Le Vice-Premier ministre en charge du Budget, Adolphe Muzito, a ouvert ce mardi, dans son cabinet de travail, une réunion consacrée aux arbitrages des prévisions de recettes en vue de l’élaboration de l’avant-projet de loi de finances 2027. Autour de lui et du Vice-ministre Elysé Bokumwana, se sont succédé les ministres des Mines, des Transports, de l’Environnement, des Postes et Télécommunications ainsi que les représentants du ministère du Portefeuille.

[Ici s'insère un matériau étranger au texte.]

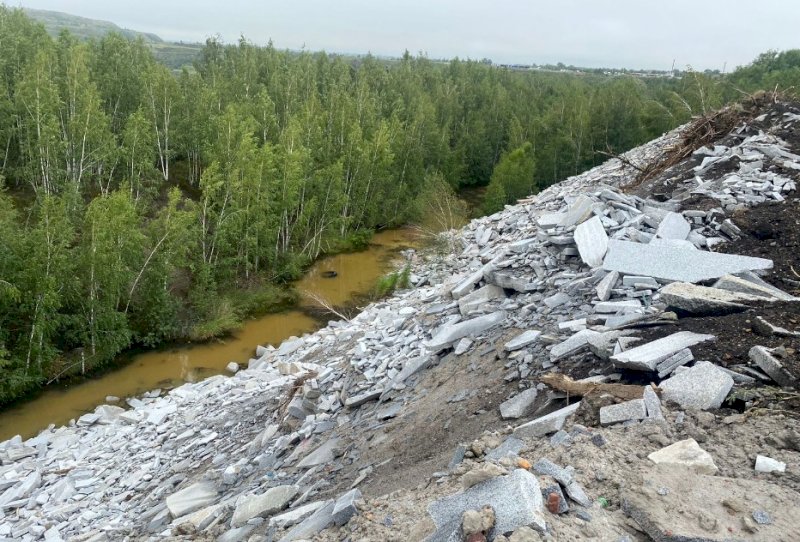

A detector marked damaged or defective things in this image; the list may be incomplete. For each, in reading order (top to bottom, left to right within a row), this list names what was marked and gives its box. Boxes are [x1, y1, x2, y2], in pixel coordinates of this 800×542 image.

broken concrete slab [576, 216, 608, 268]
broken concrete slab [652, 212, 692, 240]
broken concrete slab [604, 241, 772, 284]
broken concrete slab [660, 282, 772, 316]
broken concrete slab [424, 312, 506, 354]
broken concrete slab [500, 392, 536, 420]
broken concrete slab [506, 332, 544, 352]
broken concrete slab [512, 402, 580, 440]
broken concrete slab [600, 402, 648, 428]
broken concrete slab [608, 332, 716, 374]
broken concrete slab [660, 364, 736, 410]
broken concrete slab [752, 346, 792, 388]
broken concrete slab [648, 442, 720, 476]
broken concrete slab [165, 482, 219, 520]
broken concrete slab [231, 486, 300, 528]
broken concrete slab [428, 470, 548, 540]
broken concrete slab [620, 466, 800, 540]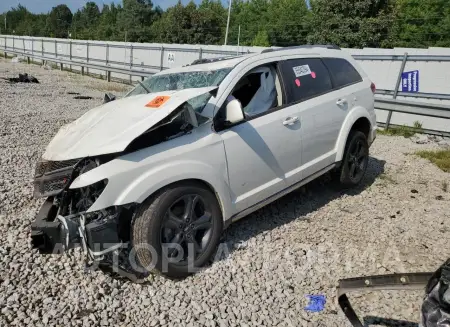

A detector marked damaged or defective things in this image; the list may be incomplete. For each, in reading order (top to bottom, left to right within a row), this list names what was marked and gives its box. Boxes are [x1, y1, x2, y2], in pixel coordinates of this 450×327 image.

crumpled hood [42, 87, 216, 161]
damaged white suv [30, 46, 376, 282]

Sous la coordination de la Première ministre Judith Suminwa, les échanges ont porté sur les stratégies de mobilisation accrue des recettes, conformément aux objectifs arrêtés par le gouvernement. Dans un système fiscal déclaratif, un suivi renforcé des administrations auprès des assujettis est jugé indispensable pour augmenter sensiblement les recettes publiques.

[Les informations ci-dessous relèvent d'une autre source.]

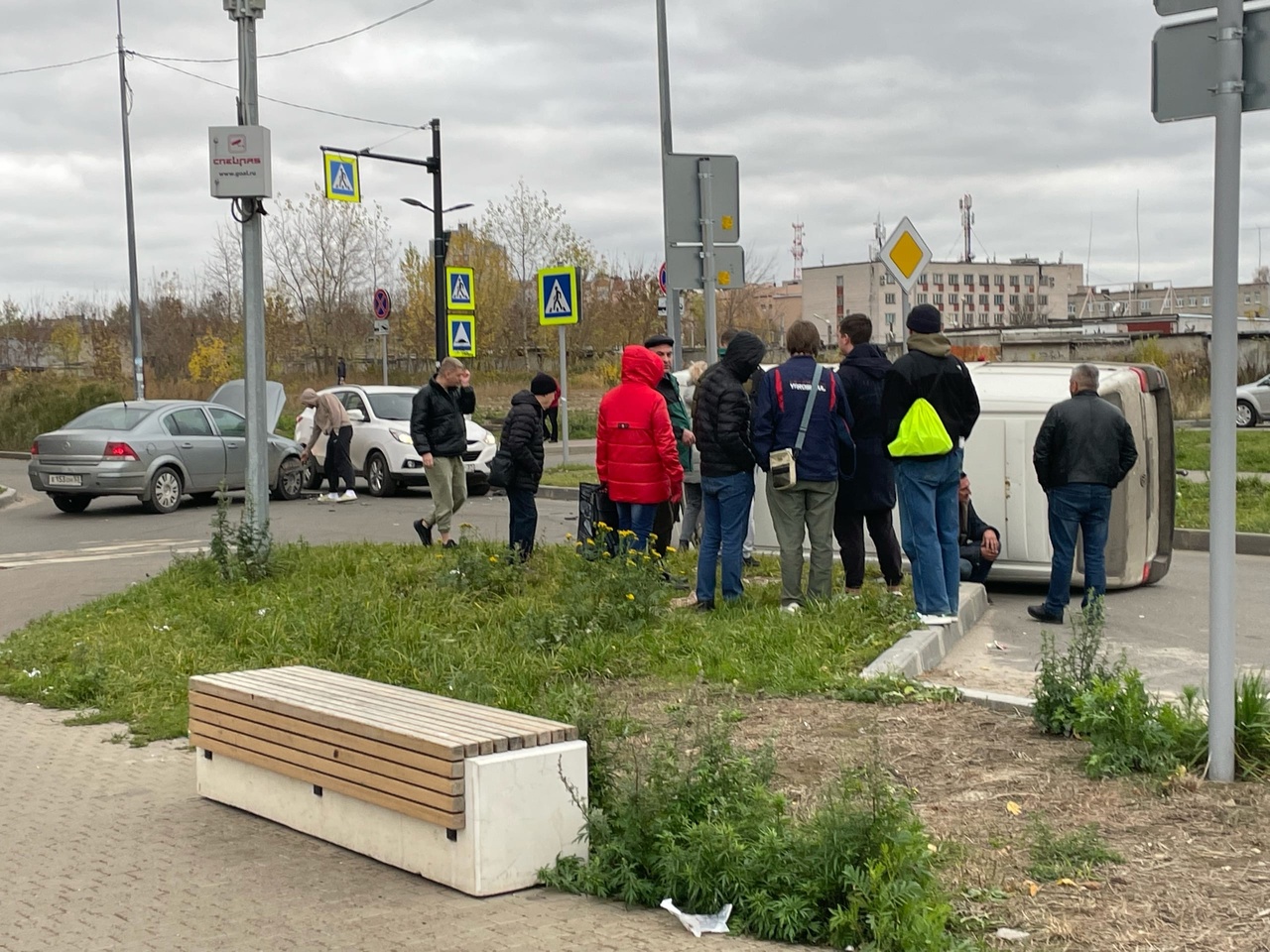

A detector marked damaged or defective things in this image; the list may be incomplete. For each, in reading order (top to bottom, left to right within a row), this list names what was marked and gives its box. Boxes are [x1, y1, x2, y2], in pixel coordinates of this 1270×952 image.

overturned white van [746, 363, 1173, 594]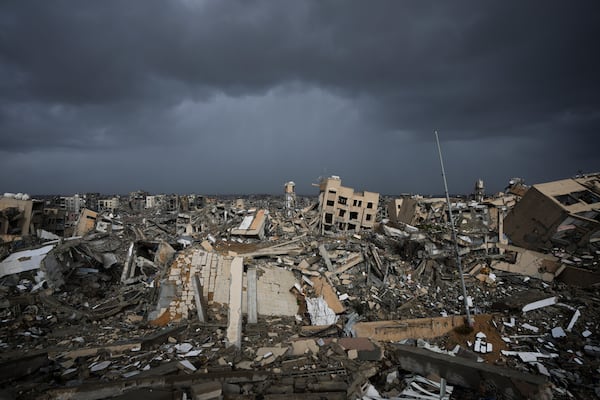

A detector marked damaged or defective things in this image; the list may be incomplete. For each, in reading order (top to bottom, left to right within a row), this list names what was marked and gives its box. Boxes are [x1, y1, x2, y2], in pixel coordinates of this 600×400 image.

damaged multi-story building [316, 176, 378, 234]
damaged multi-story building [506, 174, 600, 250]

Adolphe Muzito a annoncé une réforme majeure : désormais, les missions de contrôle sur le terrain seront prises en charge par le Trésor public, garantissant une meilleure efficacité et une coordination centralisée. Cette décision a été saluée par les administrations, qui y voient un levier pour dépasser les assignations budgétaires.
Le secrétaire général par intérim du ministère des Transports, Nicolas Nkan, s’est réjoui de cette réforme : « Les recettes seront sensiblement augmentées, puisque nous aurons des missions de contrôle sur le terrain, prises en charge par le Trésor public. »

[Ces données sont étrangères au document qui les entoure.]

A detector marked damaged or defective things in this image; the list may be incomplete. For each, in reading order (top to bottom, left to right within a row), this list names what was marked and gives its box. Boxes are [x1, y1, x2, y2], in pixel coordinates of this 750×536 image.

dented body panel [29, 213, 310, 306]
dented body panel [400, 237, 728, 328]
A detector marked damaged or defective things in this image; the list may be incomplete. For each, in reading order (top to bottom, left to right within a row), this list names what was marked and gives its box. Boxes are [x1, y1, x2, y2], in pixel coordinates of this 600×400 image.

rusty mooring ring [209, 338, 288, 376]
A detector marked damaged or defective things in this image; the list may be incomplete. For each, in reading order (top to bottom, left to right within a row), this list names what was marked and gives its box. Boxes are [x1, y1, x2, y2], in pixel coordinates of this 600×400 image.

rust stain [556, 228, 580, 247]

Même satisfaction du côté des Mines. Le ministre Louis Watum a souligné l’importance d’un inspectorat général bien outillé, capable de stopper l’hémorragie financière dans le secteur. Il a insisté sur la nécessité de déployer du personnel, de les équiper et de les motiver afin de maximiser les recettes minières.
Le ministère de l’Environnement, du Développement durable et de l’Économie du climat a également été recadré. Conformément à la vision du Président Félix Tshisekedi, ce portefeuille doit jouer un rôle central dans l’accroissement des recettes, notamment à travers le crédit carbone et une politique offensive dans le secteur. L’objectif fixé est ambitieux : 300 milliards de francs congolais pour le budget 2027.
Le ministre des Postes et Télécommunications a assuré que son département mobilisera davantage, à condition de disposer de moyens suffisants. « Si on nous donne assez de moyens, nous irons au-delà des recettes prévues, comme nous l’avons déjà démontré en 2026 », a-t-il affirmé.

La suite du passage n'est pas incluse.